Paulo Humanes considera que “toda a mobilidade no futuro tem de ser partilhada“, mas reconhece que “há situações em que o carro ainda tem um papel, pelo que não deve ser abolido”. O diretor responsável pela área de Mobilidade, Automóvel e Cidades no CEiiA recordou que este centro de engenharia e inovação de Matosinhos tem um projeto no estado brasileiro de Santa Catarina para captar pessoas para os transportes coletivos.
“Os brasileiros tendem a andar mais a pé ou de bicicleta, embora tenham a ambição de andarem de carro ou de mota. Com a nossa solução, registamos os percursos a pé ou de bicicleta e depois transformamos os dados em viagens de autocarro.
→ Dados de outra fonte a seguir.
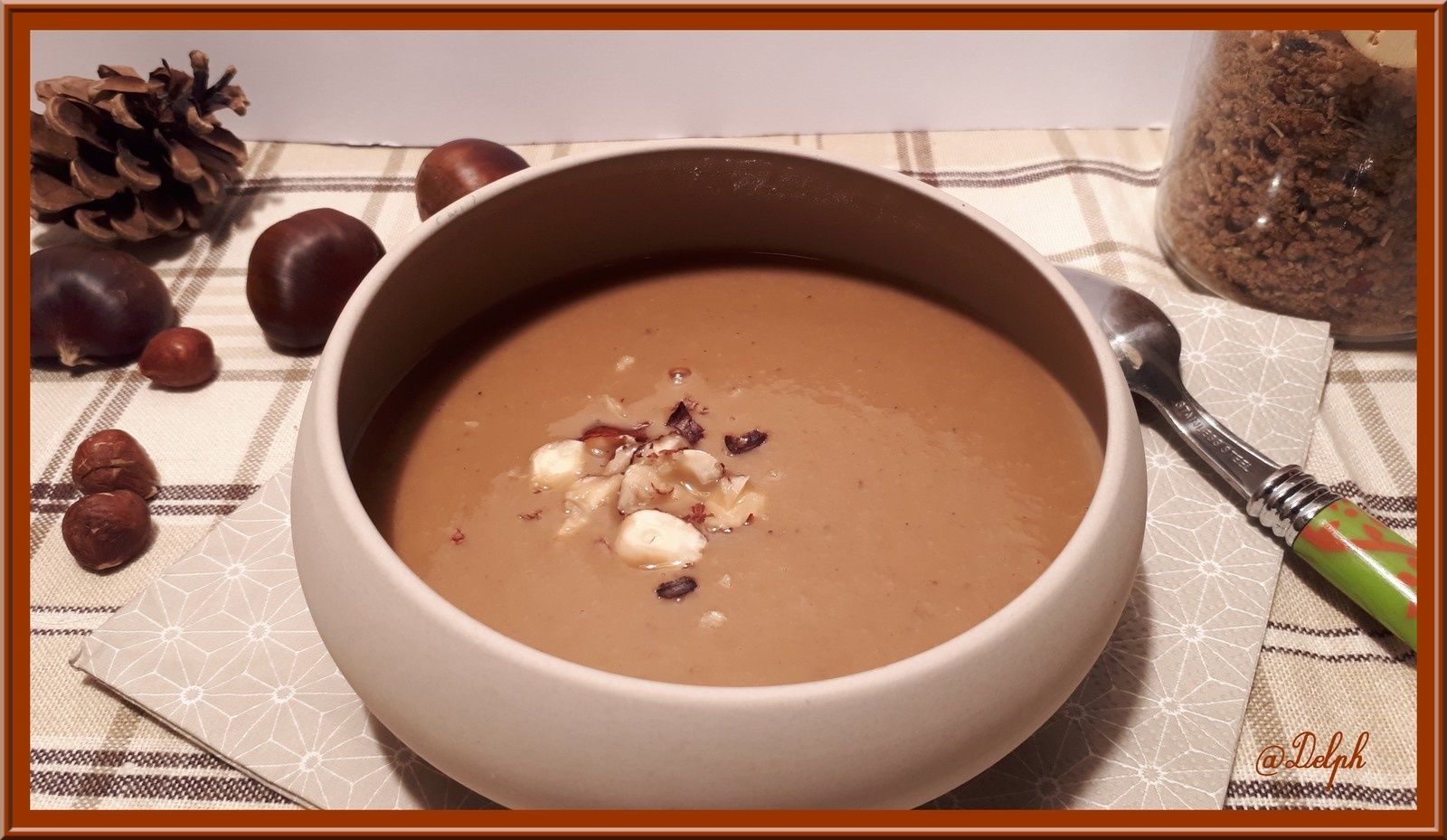 Soupe marron champignon new arrivals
As pessoas experimentam o autocarro e, assim, tenta-se quebrar o ciclo de andar de carro”, explicou o responsável.
Quando questionada sobre uma eventual proibição dos voos domésticos dentro de Portugal Continental, a presidente da Autoridade Nacional da Aviação Civil (ANAC) defendeu que “a liberdade na operação traz eficiência e riqueza”. Para Tânia Cardoso Simões, “é preferível ter um esquema de incentivos ou desincentivos do que uma proibição total de voos“.
A captação de passageiros para os transportes públicos também depende da informação que é prestada antes e durante a viagem, para garantir que ninguém fica perdido ou que escolhe a opção mais rápida, sem destruir o orçamento.
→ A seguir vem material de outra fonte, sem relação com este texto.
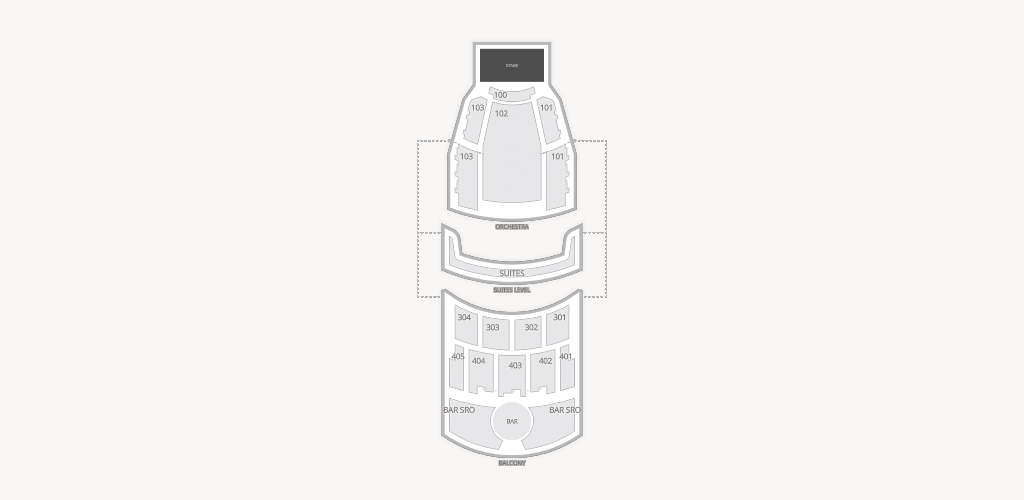 The Midland Theatre - MO Seating Chart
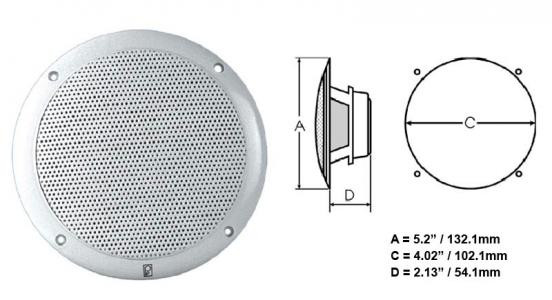 Sundance Spas Pillow Speaker - Sweetwater 5.25" Diameter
A Bosch, uma das maiores empregadoras do Minho, chama a atenção para a digitalização na área dos transportes. “Chego a uma qualquer cidade europeia e são apresentadas as melhores rotas para nos deslocarmos. Isto é muito importante para as pessoas terem confiança na utilização dos transportes coletivos”, sublinhou André Santos. O responsável pela área de desenvolvimento notou, por outro lado, que “em Portugal dependemos muito do carro e não olhamos muito para outros meios mesmo quando eles são melhores”. Por causa disso, completou, “precisamos de educar as pessoas para mudar para os transportes partilhados”.
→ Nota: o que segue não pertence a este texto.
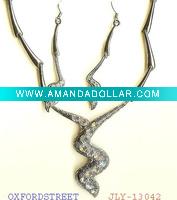 cz stone jewelry set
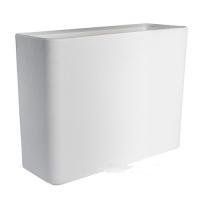 Кашпо Otium Linea White, 100х38хН75см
Já o presidente honorário do Tmob-Hub, António Gomes Correia, sublinhou que as linhas de comboio, aeroportos e estradas “têm de estar ligados de forma a servir os cidadãos”. Isso implica que “cada utilizador possa ser informado através do telemóvel das melhores soluções para ir do ponto A para o ponto B”, independentemente do meio de transporte que for utilizado.
Apesar de ser favorável à digitalização, o diretor executivo da Plataforma Ferroviária Portuguesa, Paulo Duarte, alertou para o risco de exclusão dos seniores. “Não nos podemos esquecer das pessoas mais velhas: chegam às estações e não está lá ninguém para lhes vender um bilhete e não há ninguém que lhes atenda o telefone. As pessoas continuam a ser necessárias nas estações e nos interfaces”, recomendou.
Sobre a importância do financiamento para garantir as melhorias na oferta dos transportes públicas, o presidente da Infraestruturas de Portugal (IP), Miguel Cruz, considerou como “viável” a opção pela alta velocidade e defendeu a combinação entre o Estado e as empresas. “Se quisermos implementar a alta velocidade sem grandes perturbações ao longo do tempo e sem custo de oportunidade, a melhor abordagem que podemos seguir é a das parcerias público-privadas“, referiu.
Por outro lado, o diretor-geral da Mota-Engil Concessões, Rui Guimarães, que encerrou este debate em Guimarães sobre a mobilidade, aproveitou para deixar um lamento sobre a falta de investimentos nas infraestruturas ao longo da última década. “Desperdiçámos dez anos de oportunidades de financiamento a juros muito baixos porque temos alguns complexos”, concluiu o gestor.